Prof. Vijay Kumar was kind enough to give us hints on how to prepare for placements.
How to prepare for interviews
- Have a list of intelligent but unoffensive questions for each company.
- Contact alumni who are working there, and find out what work is like.
What should I find out
- How does the work improve my employability or value? Specifically in terms of the
- Nature of work
- The experience that I get
- Skills acquired
- What will the salary growth be over time?
- What are the perks at different levels?
- What are the promotion and growth opportunities?
- What industries does the company focus on?
- How many people are there, and what is the employee growth rate?
- What do clients feel about you? (Talk to clients themselves — maybe friends in client organisations.)
- Which is the largest office? Where are most of the projects executed? (It makes a lot of sense to get into this office. Project staffing is usually done with people in the same office.)
What should I question
- Revenue per employee. Is the denominator total employee hours or billable hours? That makes a big difference. Usually its the former, to make it look inflated.
- Why are you giving me international figures? What are the Indian figures for revenue per consultant? Revenue per partner? Salary per consultant? Billable hour percentage? Consultant to partner ratio? As a rule of thumb, the consultant’s salary is one-fifth of the revenue per consultant. For partners, its usually half.
- What components of the cost-to-company will come to my pocket? Could you break down the components of the cost-to-company?
- What component of the pay is sign-on? The larger the sign-on, the less the basic pay, and hence the less the next year’s pay.

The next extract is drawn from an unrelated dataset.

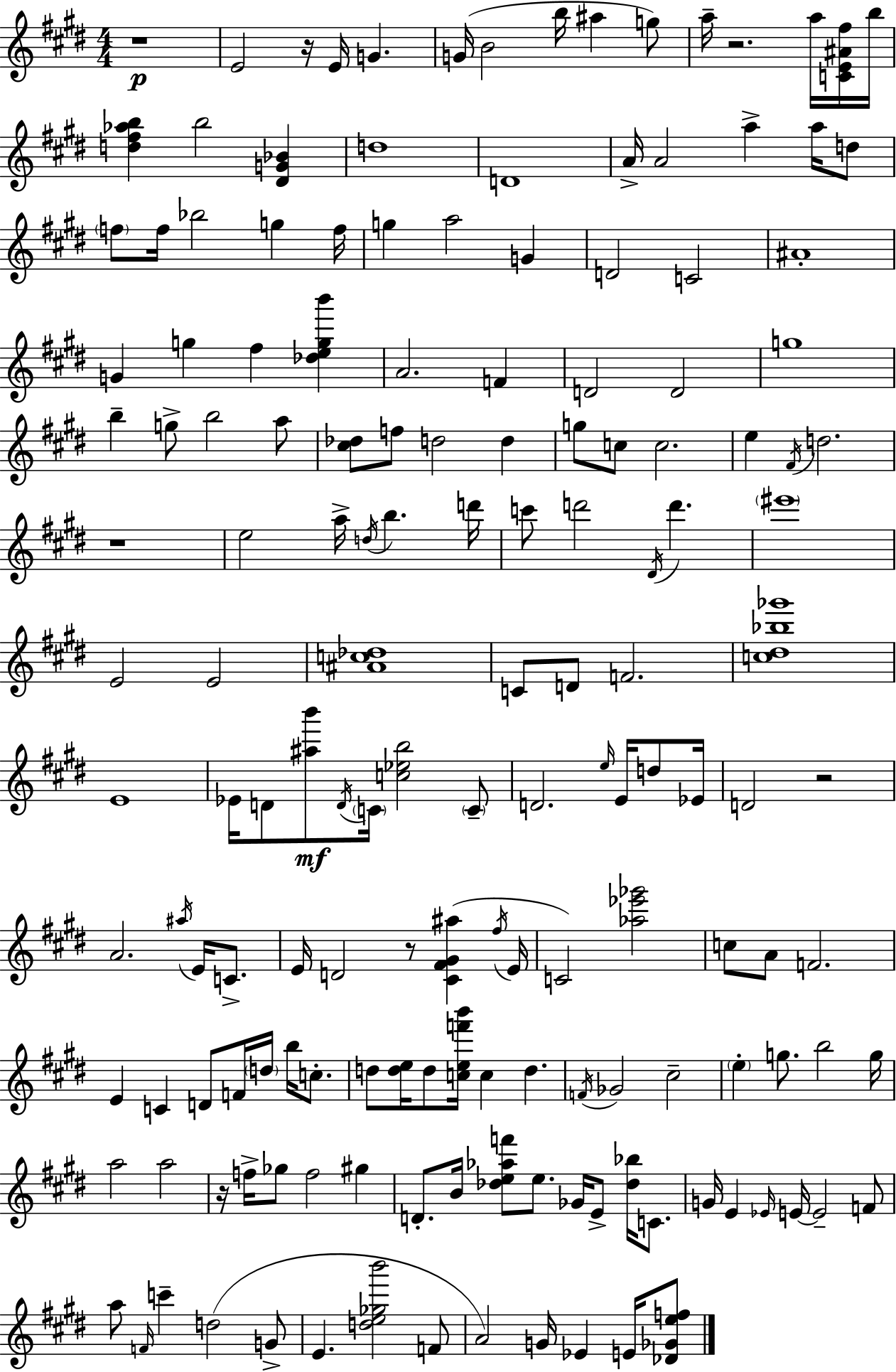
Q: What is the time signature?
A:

What does an interviewer want
- Brains: logical thinking, primarily
- Creativity
- Hard-work, but one can take that for granted for a person from the IIMs
- Willing to take direction, and yet is a self-starter
- A person who can explore new ideas on their own
- Good interpersonal relationships
- A person who can make casual conversation
- Can suavely deflect objectionable questions
- Well dressed, good posture, etc.
Should I go for consulting?
If you like solving problems, want to move quickly from one assignment to another, and like helping people, you’re good for consulting.
How are consultants evaluated?
- Quality of assignments
- Followup on assignment
- Client feedback
- Budget overruns (applicable more to PLs and managers)
- Input into thought leadership and knowledge-base
- Strengths and weaknesses
- Future directions for improvement.
nice points… I also once had the fortune of visiting him in person.